The Silent Cost of Shangri-La? The Human Rights Controversy in Bhutan

Matthew GindinFor many in the Western Buddhist world, Bhutan has become a quasi-mythical land. Bhutan is an officially Buddhist Kingdom with ties to internationally popular Lamas. It has become famous for it’s lauded vision of “gross national happiness”. In 2006, it was named the happiest country in Asia and the sixth happiest in the world in a survey based on the Gross National Happiness index inspired by Bhutan itself. In 2012, as a result of an initiative of the Bhutanese government, the UN named March 20 “The International Day of Happiness”. More recently the environmental media declared Bhutan one of the few countries in the world to be not just carbon neutral but carbon negative.

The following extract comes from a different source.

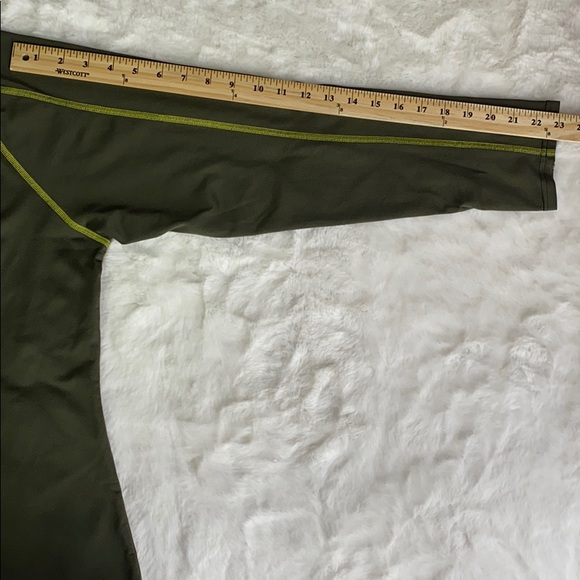 Northface Lightweight Flashdry 1/4 Zip Pullover - Picture 7 of 8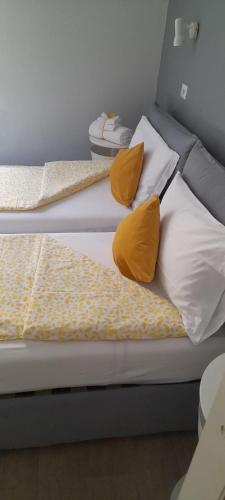 GUEST HOUSE FIDARDO Room Type - Comfort Triple Room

Bhutan is venerated for resistance to modernization and westernisation. The fact that it is difficult to even visit Bhutan due to its limitations on tourism only increases its mystique. In addition many Western students of Vajrayana dream of retreats in the green mountains and valleys of the “land of the dragon”, where pure teachings of the Kagyu and Nyingma lineages are still to be found.

Gross National Happiness
In the 1970’s the Bhutanese King Jigme Singye Wangchuck began instituting his vision of “gross national happiness (GNH)”, which included strong measures to protect Bhutan’s dominant ethnic culture and the religious tradition of Vajrayana Buddhism (which it shares with Tibet). In the 1980s, the Bhutanese government was worried about illegal immigration and preserving the country’s cultural identity in the face of Nepali influence as well as the power of it’s neighboring giants China and India. Bhutan adopted a “one nation one people” policy and introduced mandatory Driglam Namza, the ancient code of social etiquette practised by the dominant ethnic group- people from west Bhutan, who are of Tibetan origin. The government decided to deport thousands of people of Nepali ethnicity, many of whom had lived in the south of Bhutan for generations and are known as lhotshampas (“southerners”). The government passed laws requiring people to wear traditional Bhutanese dress and banned the Nepali language in public, and, human rights groups say, tortured Nepali Bhutanese, who spoke out.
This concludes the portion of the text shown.